During various investigations while he was in office, Mr. Trump has struggled to find — or retain — lawyers to defend him, and the announcement of Mr. Bowers’s hiring capped weeks of frantic searching.
Mr. Trump’s lawyers from his impeachment trial last year are not expected to be involved this time. They include Jay Sekulow, the former White House counsel Pat A. Cipollone and his deputy, Pat Philbin, and another lawyer who worked in the West Wing, Eric Herschmann.
Rudolph W. Giuliani, who worked as Mr. Trump’s personal lawyer during the special counsel’s investigation into whether the Trump campaign in 2016 had colluded with Russian officials, has made no secret of wanting to defend Mr. Trump in the second impeachment trial.
But Mr. Giuliani is a potential witness because he spoke at a rally of Trump supporters on Jan. 6, hours before hundreds marched to the Capitol and rioted. Almost all of Mr. Trump’s advisers blame Mr. Giuliani, who encouraged Mr. Trump’s desire to find ways to overturn the election results and to call their legitimacy into question, for the latest impeachment.
They also blame him in part for Mr. Trump’s first impeachment, which was driven by the former president’s interest in pressuring Ukraine to investigate the Biden family. Mr. Giuliani repeatedly encouraged Mr. Trump to believe baseless allegations related to Mr. Biden’s son, Hunter, and his business activities in Ukraine.

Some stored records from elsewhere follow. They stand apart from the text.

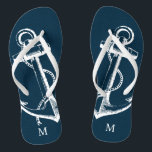 Rustic Blue Vintage Anchor Monogram Flip Flops<br><div class="desc">Custom printed flip flop sandals with a rustic nautical vintage anchor illustration and your custom monogram or other text. Click Customize It to change text fonts and colours or add your own images to create a unique one of a kind design!</div>
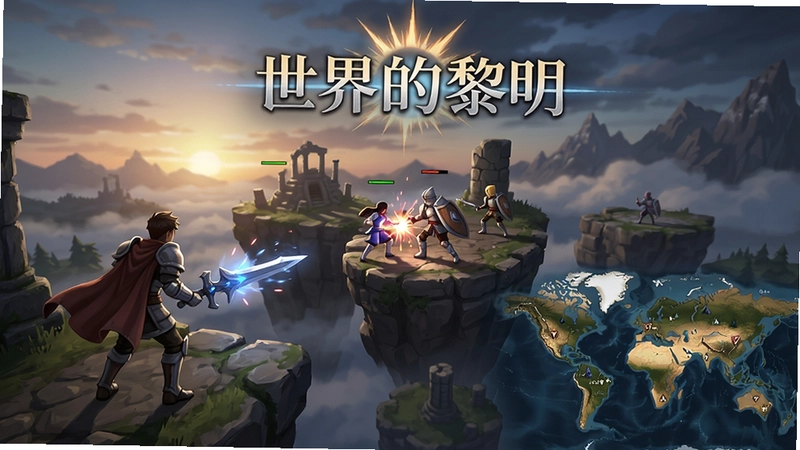 世界的黎明游戏全景,展现角色、战斗、世界地图与“世界的黎明”LOGO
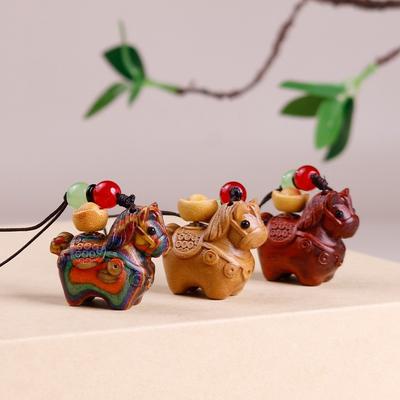 Mini Wooden Horse Keychain Chinese Style Woven Rope Green Sandalwood Phone Chain Make a Fortune Ornament Zodiac Horse Pendant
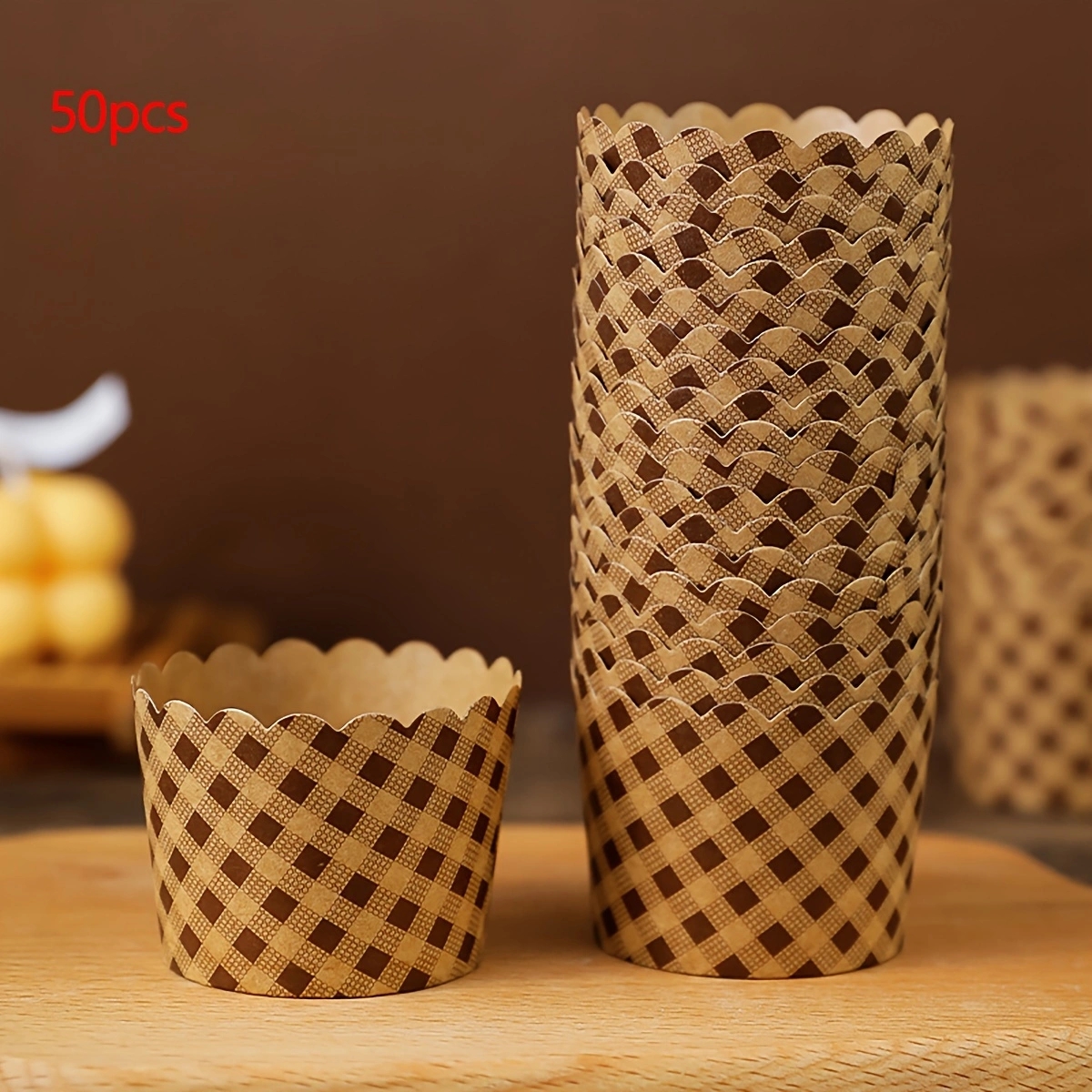 50 stk. kageforme, cupcakeforme af papir, mousseform med låg, cateringbeholder til bagning, kageform, muffinform: Chokolade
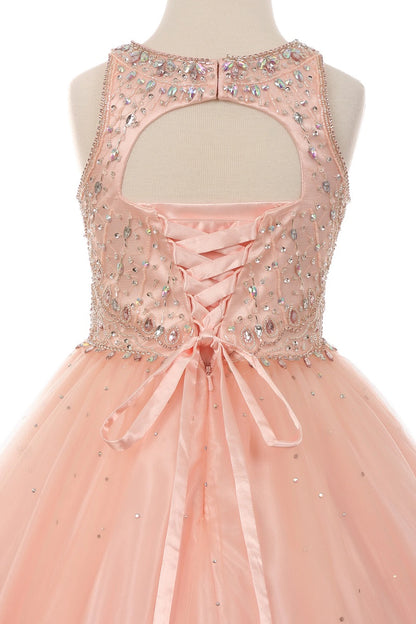 Featured on this Blush mini quince dress: a keyhole upper back with satin lacing.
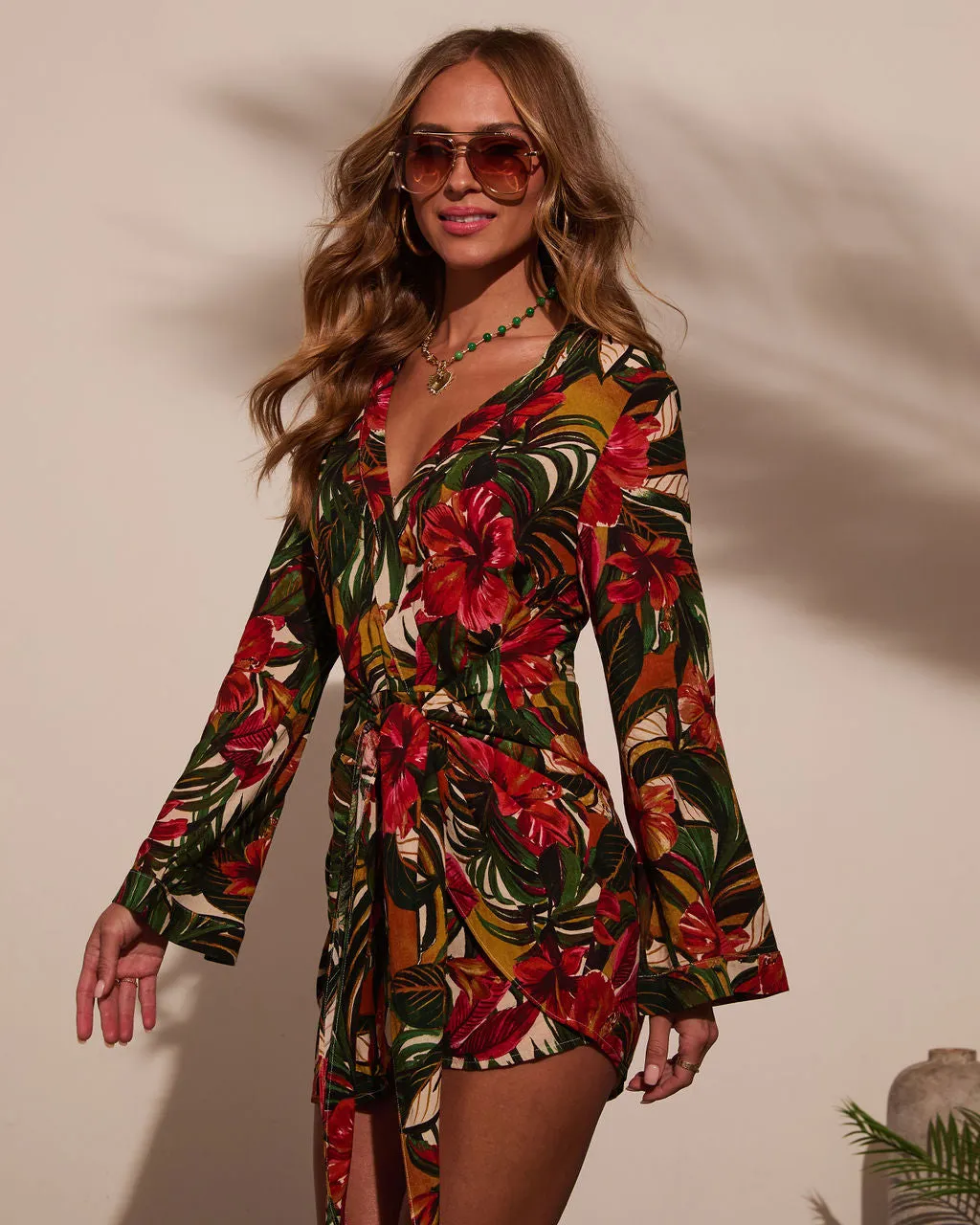 Lost In The Tropics Wrap Mini Dress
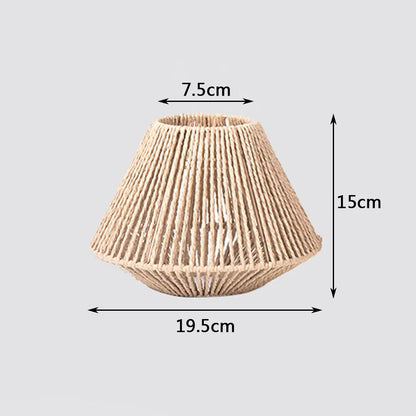 Natural Woven Pendant Light with Geometric Shade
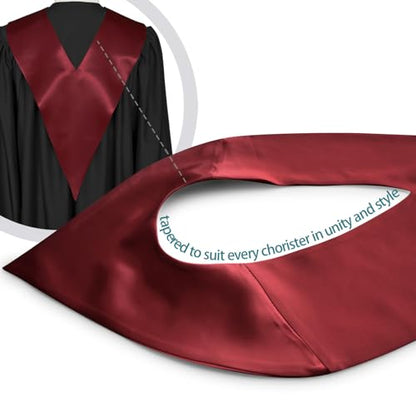Premium Choir V Stole - Solid Color - Satin - Unisex - color: Maroon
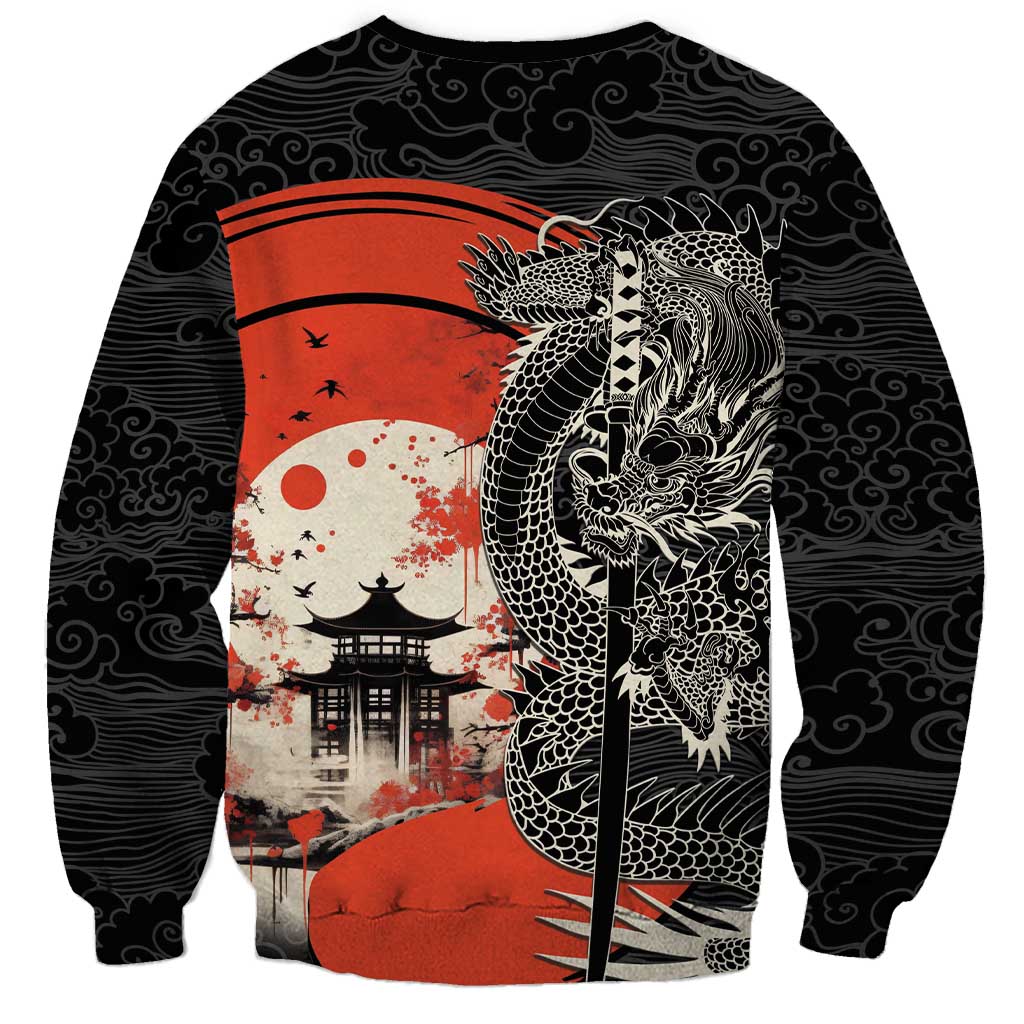 Japanese Dragon Katana Enso Sweatshirt Japan Pagoda Seamless Cloud - Polynesian Pride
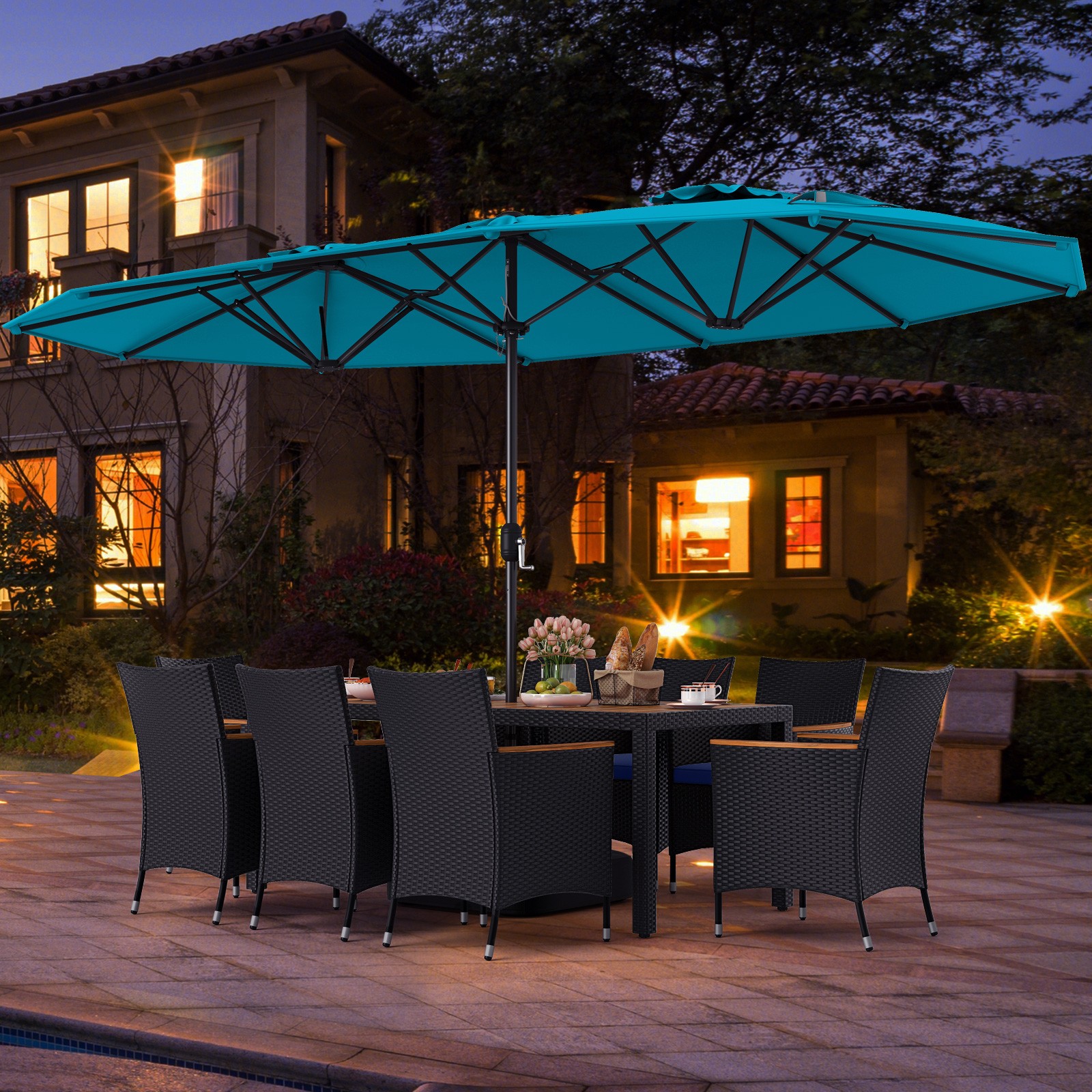 11 PCS Patio Wicker Dining Set w/Double-Sided Outdoor Umbrella 8 Stackable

The second impeachment trial is set to begin on Feb. 9. This week, 45 Republican senators voted in support of a measure brought forward by Senator Rand Paul of Kentucky calling the trial unconstitutional because Mr. Trump is no longer in office. That all but five Republican senators voted to challenge the constitutionality of the trial suggested a likely acquittal for Mr. Trump.
Democrats have pushed back, noting that Mr. Trump was impeached by the House while still in office.
Still, the question of constitutionality is likely to be a key part of Mr. Trump’s defense. And his advisers were buoyed by the show of Republican support for the Paul measure, believing it was an indication that Mr. Trump would be spared a conviction.